There is a shady antiterrorist government agency in Italy, the Social Welfare Agency, which "saves" little girls who have had terrible life-threatening accidents by transforming them into cyborgs and then brain-washing them in order to make them perfect killing machines. Each girl has a male handler who is responsible for the girl and to whom each girl is attached in a morbidly obsessive way. Each handler establishes the relationship with the girl in his care in a different way, ranging from viewing them simply as tools to treating them as human girls to be looked upon with pity or little sisters to be spoilt. It's obvious that seeing young girls embracing huge guns is shocking and watching them coldbloodedly kill people with no inkling of remorse or guilt is distressing and sickening - so there is no doubt that what the Social Welfare Agency does to them is morally and ethically wrong. That's not the focus of the anime. A previous reviewer claims that the question the anime poses is whether these girls are human or not. But I don't think I agree. If you watch how they behave, their reactions and feelings - it's quite obvious to me that they are human. What's interesting to watch - but not amusing at all - is how the conditioning they have received strips them of any kind of morality or conscience, thus concentrating all their extremely human emotions and feelings - the need to love and be loved and to be recognised and to have a purpose - within their handler, in one exclusive relationship: which is also wrong and sickening to watch. Sometimes this is rendered very well, especially towards the end of the anime - while, as I already said, the first half of the show could have definetely been done better.

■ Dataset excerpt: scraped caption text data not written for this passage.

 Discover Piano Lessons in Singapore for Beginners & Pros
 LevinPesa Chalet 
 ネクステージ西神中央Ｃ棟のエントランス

What I Liked: The varying dynamics in the fratello relationships. The ending theme suited the series down to a T. Generally well-animated, with fluid action scenes and beautiful set designs. The premise of preteen assassins and political tension in late-90's Italy is a great hook. Sound design is great, especially in regards to the guns. The muted colour palette, which is admittedly a hallmark of its time, works nicely here. Most of the girls get a considerable amount of development.

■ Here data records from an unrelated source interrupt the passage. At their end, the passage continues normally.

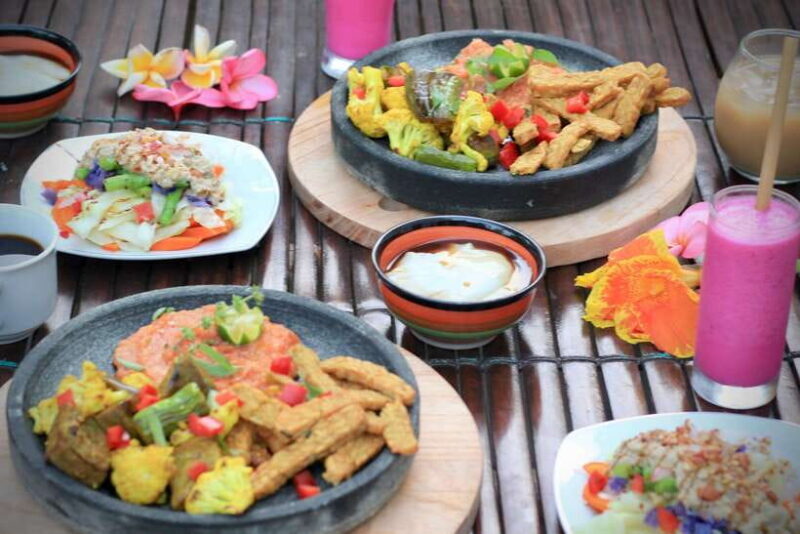 Gili air: Kaktus traditional cooking class - Ingredients and Facilities  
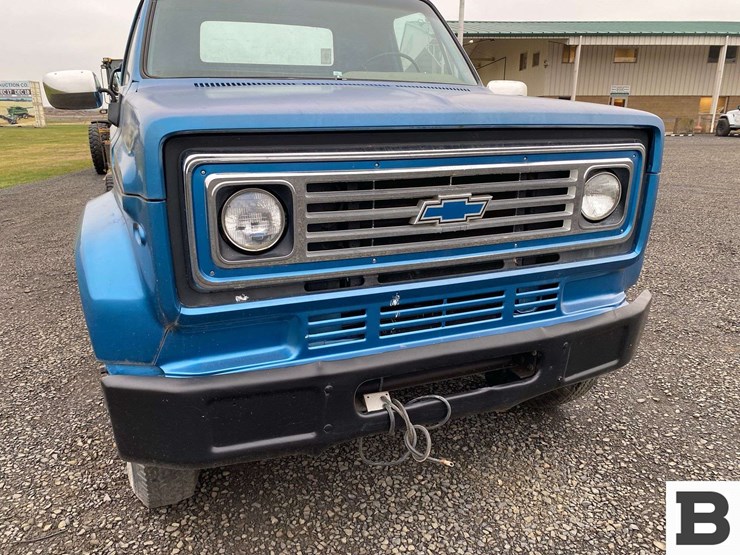 chevrolet-cheyenne-truck---caution-image-8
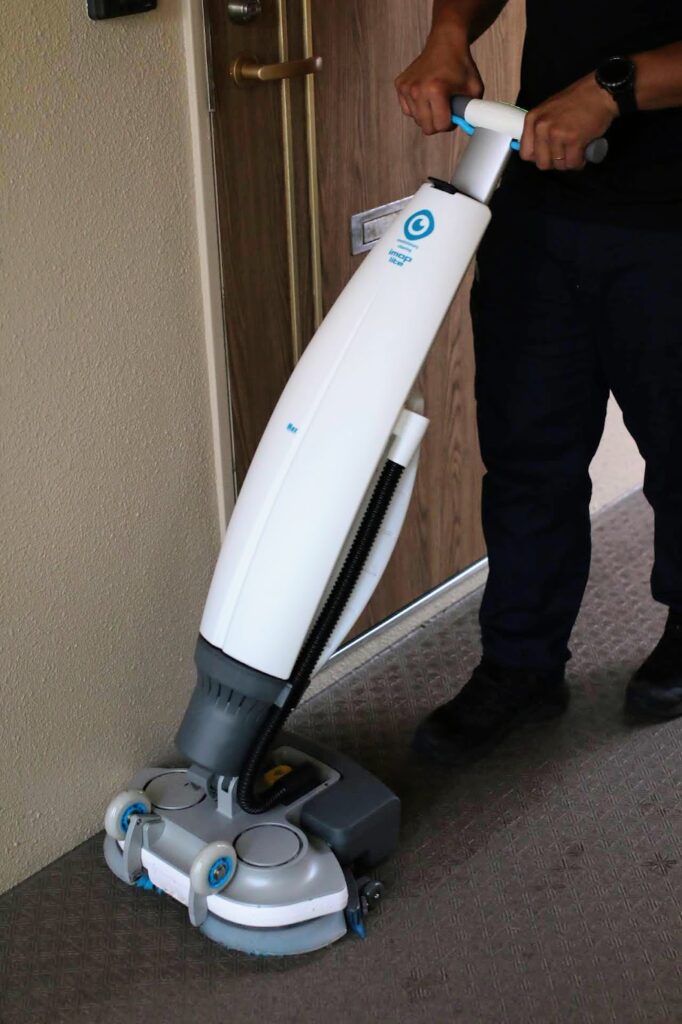 新サービス「日常清掃プラス」をリリース。日常清掃に自動床洗浄機を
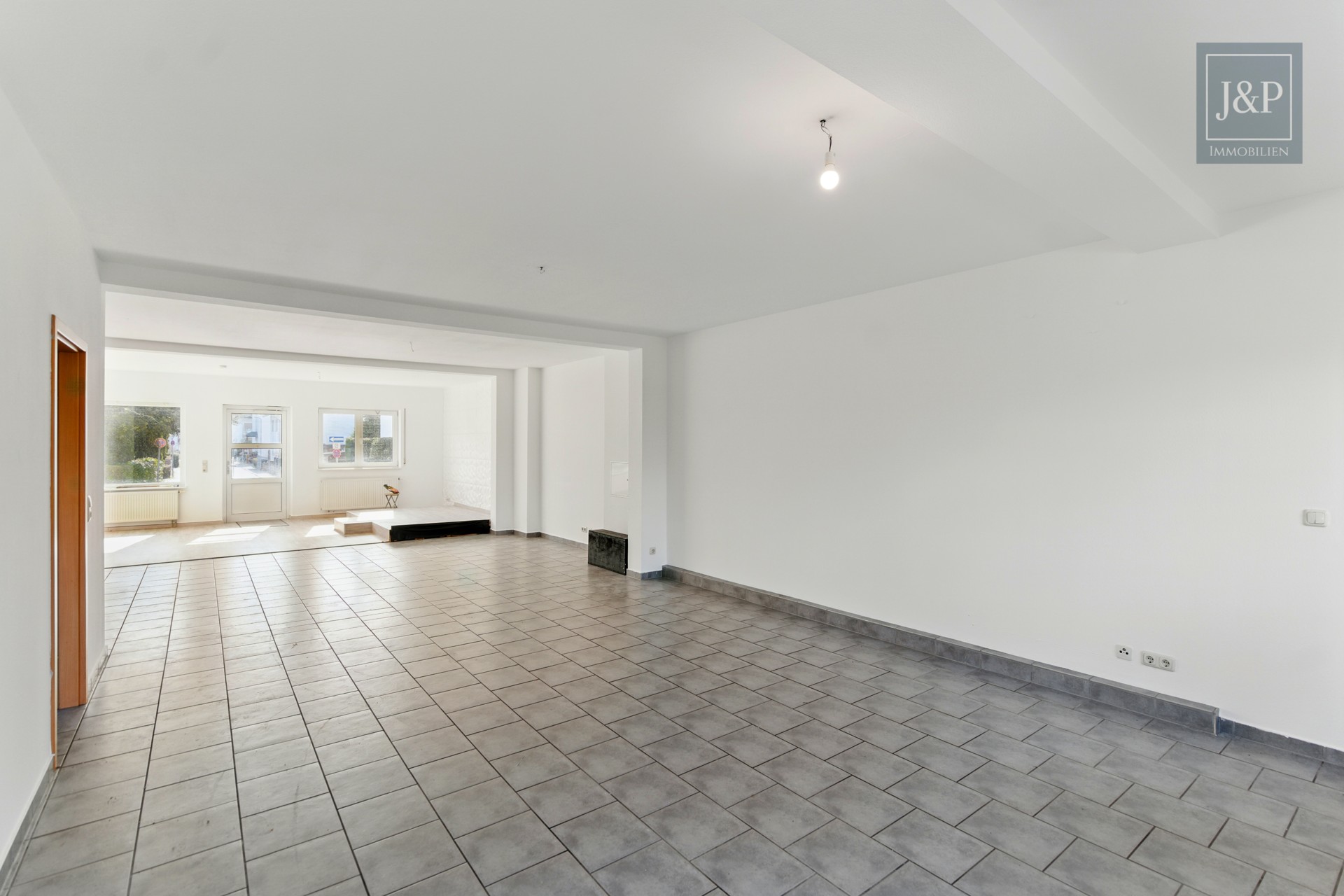 2009 aufgestocktes und modernisiertes Mehrfamilienhaus mit Einliegerwohnung und Gewerbeeinheit - Gewerbeeinheit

What I Didn't: The pacing is as slow as watching paint dry, but does suddenly speed up a little in the final third. The dead-eyed designs of the girls is a bit off-putting. The open ending left me feeling empty. The opening theme is boringly dreary. The aforementioned premise of political tension isn't really explored in much detail, more serving to loosely connect episodes. Rico and Elsa's storylines felt lacking.
Final Verdict: Acting as more of a series of character studies than a run-and-gun action drama, Gunslinger Girl depicts teenage assassins in late-90's Europe with a beautiful flair aided by dynamic animation, a sober colour scheme and perfect sound design. Admittedly, the tone can get a little overly bleak at times, with the girls' character designs and colourless opening theme exemplifying this. Despite all this, Gunslinger Girl is still a good (if not slow as heck) girls-with-guns anime with plenty of drama and gunplay to sink your teeth into.